David C Niemi (niemi@tux.org)
Tue, 30 Dec 1997 13:24:43 -0500 (EST)


Linus Torvalds (torvalds@transmeta.com) wrote:
...
> No, as you found out that doesn't work. The VFS really depends on the
> dentries existing.
>
> The real solution is as far as I can tell:
> - don't allow the short aliases at all - only show LongFileName.exe,
> and never show or accept longfi~1.exe. This is the quick and
> dirty fix. Not recommended, and probably hard.

It's quite important to show (and look up) the ugly little short names, as
they need to be unique and sometimes that is the only path you happen to
know.

> - make the filesystem-specific hashing and name comparing functions
> compare the two names as equal - so that only one dentry exists for
> both of them. This is the "real" fix, but depending on how the name
> mangling works it may not be all that easy.

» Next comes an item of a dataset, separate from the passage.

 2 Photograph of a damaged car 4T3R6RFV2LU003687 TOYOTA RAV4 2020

This really can't be reliably done via name-mangling, because the mangling
is not only fairly complex but also nondeterministic (the ~1 can be a ~2
depending on what else is in the directory, and when you get past ~9 you
have to subtract another letter from the name fragment at the front).

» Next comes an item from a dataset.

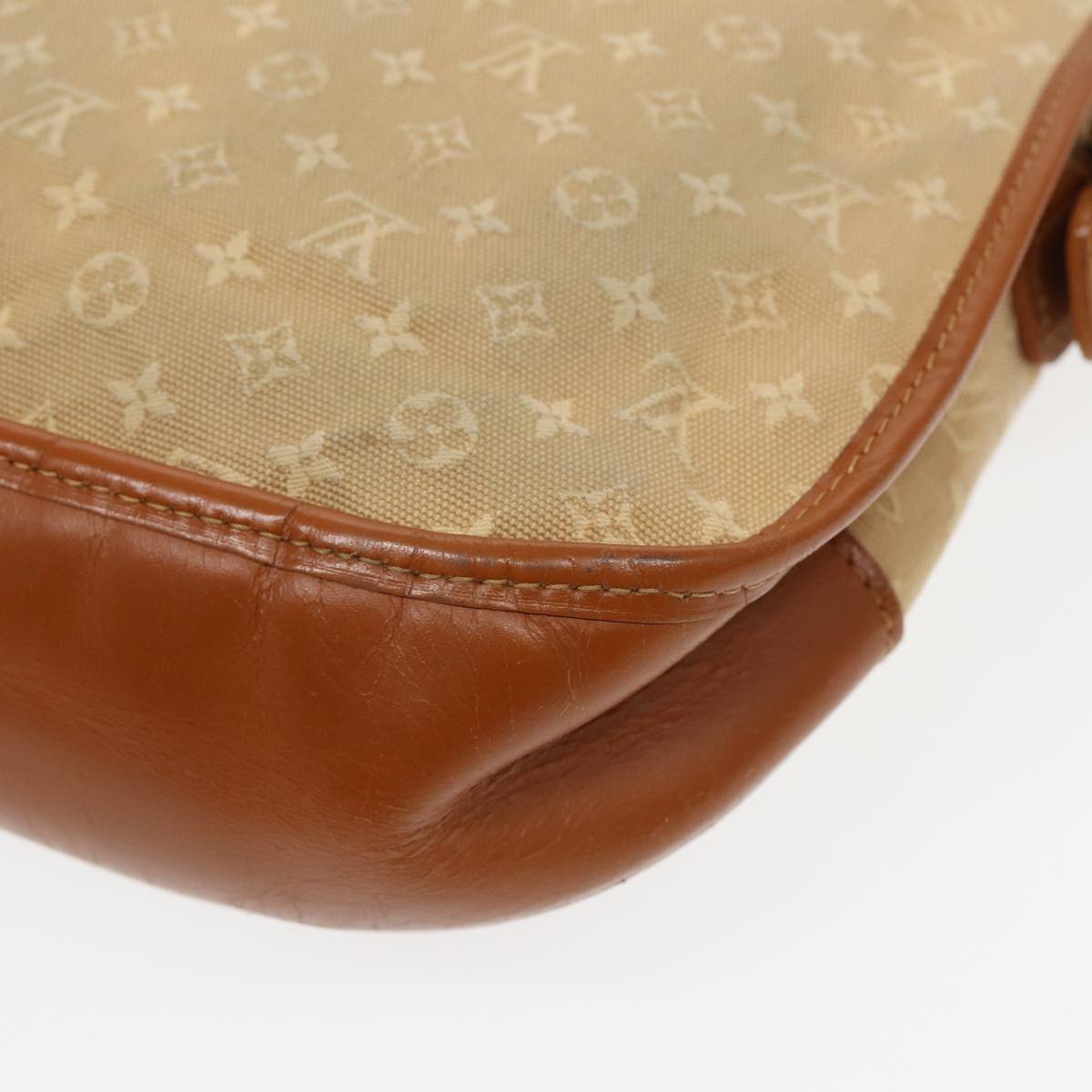 LOUIS VUITTON Belaia Shoulder Bag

>From my past experience (implementing VFAT for Mtools) it seems a big
mistake to assume that the short name can be derived from the long name or
even compared with it for verification. (In fact VFAT includes a 1-byte
hash of the long file name with the short name for use in verification,
though it can of course yield false positives .4% of the time).

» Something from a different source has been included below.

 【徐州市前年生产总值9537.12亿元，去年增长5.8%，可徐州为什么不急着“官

> The real fix may mean that you can only use the first six characters for
> the hash (and you have to mush together cases, obviously), and then
> making sure the lookup function compares the strange endings correctly
> too.
>
> So the VFS dentry layer does support these kinds of aliases, but it may
> be extremely non-trivial to actually get the compare functions working
> correctly. You may end up having to do pretty much the same as you do
> in the filename lookup function in the name compare code..

The only way to do the compare reliably is to go look up the file by the
name you know and see what other name is associated with *each path
component*.

Many (2^n, where n is the directory depth) dentries would be needed for a
given file to accomodate all of its possible manifestations. Surely we
would not want to automatically add all of them to the dentry cache; and if
only the all-long-name version is added, performance looking up anything
with a short-name component will be pitiful (i.e. completely uncached).

I would suggest that the all-long-name version of the path be used as the
"official" path which would be returned when doing the reverse
(dentry->path) lookup, even for lookups done on paths including ugly
short-name components. This means that the same path, if looked up in
reverse, might not have a dentry yet (unless the all-long-file-name dentry
is always created in addition). And d_add would have to support adding a
dentry for which the hash is taken of a different name from the one it is
adding. More complexity, but probably very important in the long run -- for
example, it is probably needed to support NTFS well in the future.

David
Niemi@tux.org 703-810-5538 Reston, Virginia, USA
"Down that path lies madness. On the other hand, the road to
hell is paved with melting snowballs." -- Larry Wall, 1992